In 1960, 10,233 farmers fled from the GDR, and in the first quarter of 1961, the year the Berlin Wall was built, another 2,401 did so as well.

When the wall was built there were no protests, because a lot of those who were not or could not be content in the GDR had already left earlier. A Stasi officer wrote: “Regarding the security measures in Berlin, it is to be said that this had a very favorable effect. You don't hear anyone nagging anymore, and everyone tries to help."

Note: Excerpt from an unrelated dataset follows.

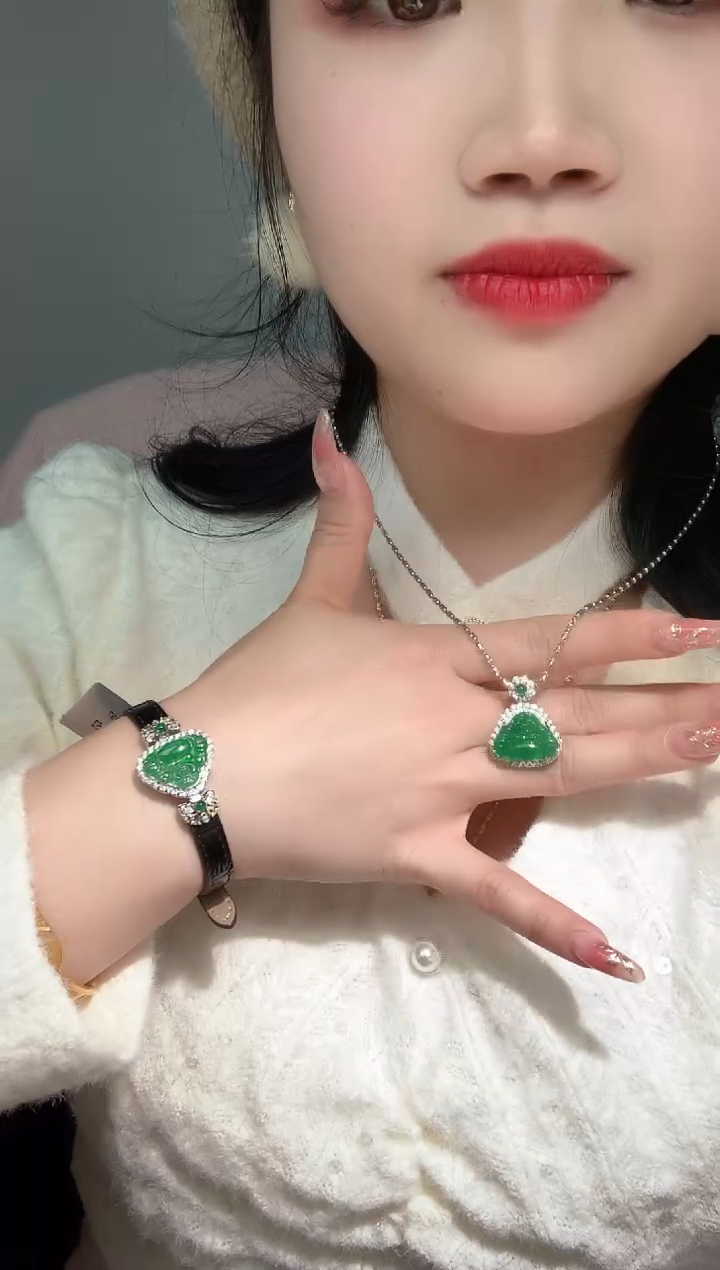 【闪购商品】定制翡翠未镶嵌佛公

=== Third phase: specialization and "industrialization" ===
After collectivization was achieved, a phase of industrialization occurred to bring rural work more in line with industry. In order to improve the efficiency of the cooperatives, in 1973 they were separated into plant-based agriculture and animal husbandry. The intended effects were not achieved, and on the contrary, there was competition between the plant-based agriculture and animal husbandry cooperatives for scarce resources such as labor. The animal husbandry cooperatives saw little need to properly store farm manure, and the plant-based agriculture cooperatives were not required to produce high-quality feed for animals.